In 1940, with the world descending into turmoil as Hitler and Mussolini attacked Europe’s most venerable cities, an escalating unease domestically was matched by a growing fascination with the diversions of media. 1940 was the year when animated rabbit, Bugs Bunny, made his debut in a movie called A Wild Hare, and the publisher All-American Comics produced the first comic book to feature Atom, a prototypical 98-pound weakling who willed himself to become a mighty defender of good. Both characters would remain popular for years as enduring symbols of American character.

Longevity also would come to be a signature characteristic of another media creation that took hold in 1940. The National Television Standards Committee convened for the first time that year under oversight from the FCC. Its charge was to sift through the existing science associated with the transmission of black-and-white television signals to come up with technical standards relating to image resolution, frame rate, aspect ratio, bandwidth and modulation approaches for television pictures and sound.

As is customary when the scent of big opportunity wafts, there were vehement disputes over key standards. In particular, industry participants who worked on the committee battled over the line-resolution issue. The powerful chairman of RCA, David Sarnoff, wanted to stick with a 1936 Radio Manufacturers Association recommendation that a television signal comprise 441 lines. RCA already was deploying 441 line-resolution in broadcasts from its NBC television network, and was weaving the same resolution capability into a limited output of TV sets the company manufactured. On the eve of NTSC’s formation, RCA had announced plans to ramp up production of sets featuring 441-line resolution, escalating the stakes for adoption of a standard. But RCA rival manufacturer Philco was equally intent on advancing its interests, arguing for resolution of 605 to 800 lines. At its final meeting in 1941, the NTSC adopted a compromise, settling on 525 lines as the standard for analog television in the U.S., partly as a concession to limitations associated with vacuum tubes used then.

The work of the NTSC was admirably sparing. After commercial adoption of the monochrome broadcasting standard in July 1941, the committee waited nine years before reconvening to add a subcarrier frequency to the black-and-white signal that would pass along color-picture information. Along with the modifications introduced to accommodate the introduction of color in the early 1950s, and ensuing tweaks that accommodated digital video routing in the late 1980s, the NTSC standards for television broadcasting have endured to the present. Today more than 250 million television sets present in U.S. households speak the language of NTSC and are compatible with fundamental signal delivery approaches conceived when the world was on the brink of WWII. The NTSC’s 66-year run within the U.S. is remarkable.
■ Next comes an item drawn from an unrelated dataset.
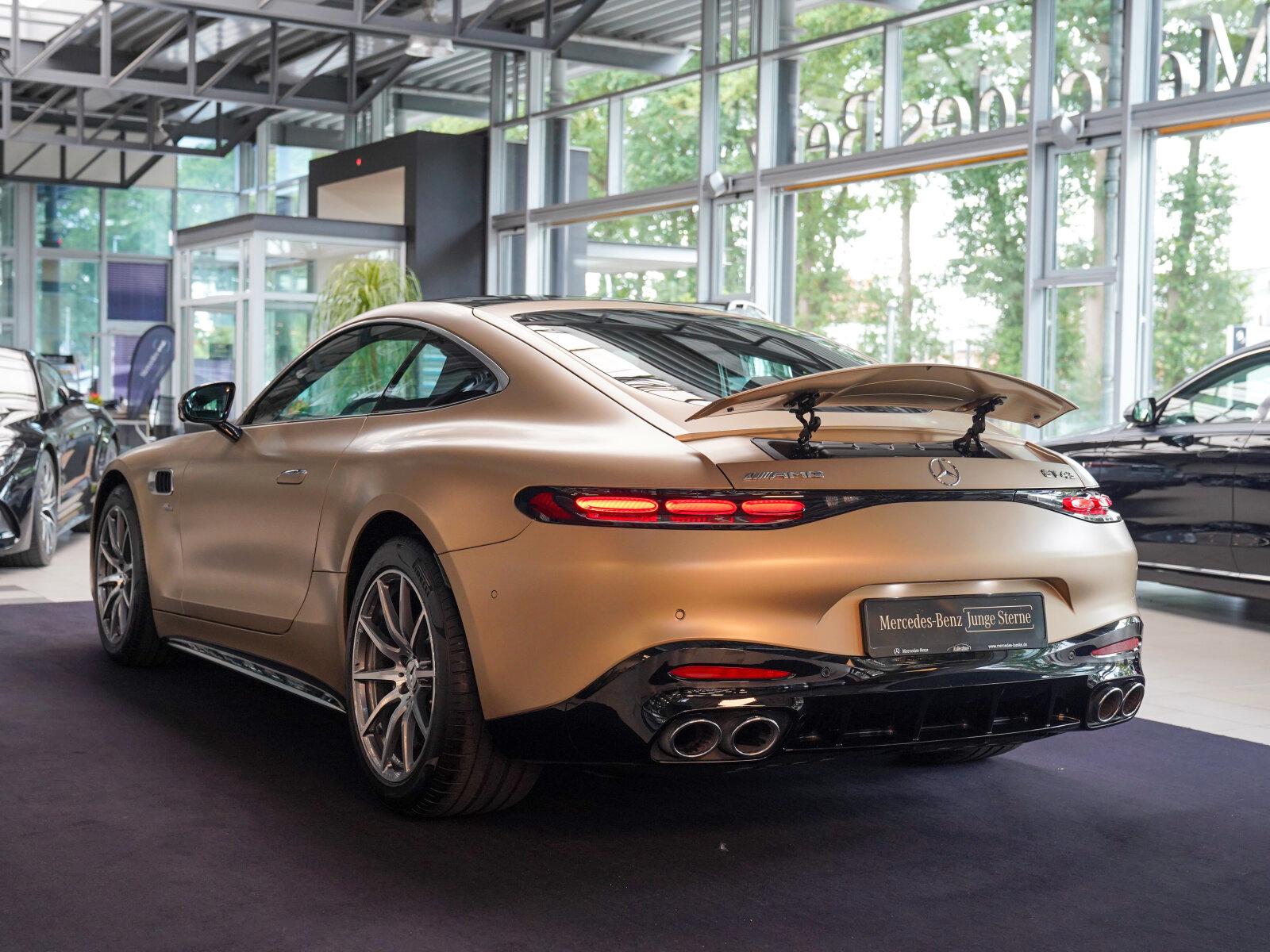 Mercedes-Benz AMG GT 43 kalaharigold MATTLACK Performance Sitz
Admirers believe NTSC has survived a convulsion of television technology changes, and adapted to a range of unforeseen device extensions like VCRs and DVD players, because of inherent flexibility.

That, of course, is about to come to an end as the U.S. broadcasting system approaches its own version of D-Day on Feb. 17, 2009. The wholesale conversion of the country’s television broadcasting system to an all-digital approach relegates NTSC and its analog transmission standard to history. How the television viewing populace reacts to what will surely be a confusing transition will itself one day make for an interesting historical analysis. The digital television standards produced by NTSC’s successor – the Advanced Television Systems Committee – are being sold to the public by a constellation of broadcasters and consumer electronics manufacturers as an improvement. “With digital television, broadcasters are able to offer free, over-the-air television of higher resolution and better picture quality than is possible under the current mode of TV transmission,” promises the ATSC within its Web site. But there is no getting around the built-in skepticism of a public that is about to learn its federal government is effectively quashing a television system – and the billions of dollars in consumer investment behind it – that has served many a living room very well for seven decades.

In the end, consumer outcry may be the ultimate compliment for the work of the NTSC. The collective American moan over being forced to affix new boxes and converters to TV sets in order to get them merely to do what they’ve always done will codify the value of the work the committee began in 1940. “If it ain’t broke, don’t fix it” is a common-man’s lament. And despite the wonders of digital TV, there’s nobody who can argue NTSC was broken. Not once in 66 years.